The two fortresses defending Monte Civitella date to the Aldobrandeschi, while first records of the town’s name date to 1216, when the county divided into four sections.
The oldest part of town, known for its steep and winding streets, is best explored on foot. Once in town, don’t miss the Church of San Nicola, an age-old church restructured a number of times, where inside you’ll find a beautiful 17th-century canvas attributed to Sienese painters. Also worth visiting is the Church of Madonna del Rosario, home to a number of 16th and 17th-century paintings.
In front of the Church of San Nicola, on the highest point in the town, is the Fortress of Castell’Azzara, built by the Aldobrandeschi in the 13th century. They held the property without any significant interruptions until 1439, when it was inherited by the Sforza, together with the entire county of Santa Fiora.
Slightly modified from its original form, today it’s a two-story building flanked by a tower – the Clock Tower.
Near Selvena, a few kilometres from Castell’Azzara right on the top of a mountain is the Rocca Silvana, a historic Aldobrandeschi castle and a strategic point for controlling the nearby cinnabar mines. From the ruins of Rocca Silvana you'll enjoy breathtaking views of Selvana and the area’s abandoned mines, not to mention the spectacular forests located along the flanks of Monte Civitella and other highlands.
In the wider area of Castell’Azzara is the Villa Sforzesca, a striking country villa built in 1580 for Cardinal Alessandro Sforza. The recently restored building contains lovely gates, coats of arms, fortress remains and frescoes. You’ll find this structure at the crossroads between the provinces of Siena, Grosseto and Viterbo, immersed in the unmistakable countryside of the Crete Senesi.
Nature loves shouldn’t miss the chance to visit the Monte Penna Nature Reserve, a protected area established in 1996 on the south-western Monte Amiata slopes and almost entirely covered with ash, beech and turkey oak forests. Birds such as buzzards, tawny owls and long-eared owls live in the Reserve, but you’ll also be able to catch a glimpse of foxes, porcupines, wild boars, roe deers, weasels, skunks, stone martens and martens.
In the limestone area of Poggio delle Forche you’ll find Sassocolato Cave (also known as the Bacheca cave) a place once used as a barn and for important spelunking expeditions. In 1995, the cave was closed to protect its important bat colony, which can be visited in summer months (so as to not disturb the animals) with the “L’Orso” Speleological Group of Castell’Azzara.
In July, Castell’Azzara celebrates one of its symbolic products with the Summer Truffle Festival.

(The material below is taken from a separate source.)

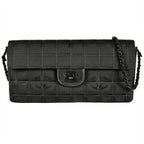 Chanel New Travel Line Chain Shoulder Bag Nylon Black Hardware 7 Digits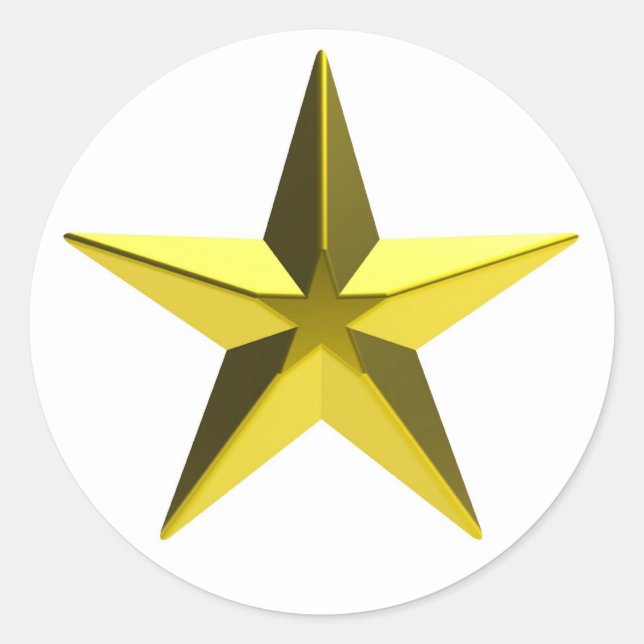 Pegatina Redonda Estrella dorada (Anverso)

The programme outlines numerous gastronomic events in order to get to know and try this exquisite product, including a day dedicated to hunting for the summer truffle in the Monte Penna woods, obviously with dinner following the activity.
The Amiata area is a zone full of woodland natural products, such as mushrooms, truffles, strawberries and raspberries.
Most importantly, Castell’Azzara is considered to be the capital of Maremma truffle and in its woods are found both white truffle (which is more rare and expensive) and the brown variety.
The unmissable Topi di Castell’Azzara is another typical, celebrated sweet treat: crescents of soft golden pastry filled with walnuts, honey, cinnamon and orange peel. The flavour is similar to that of its traditional, crispy counterpart, but with a slightly softer consistency.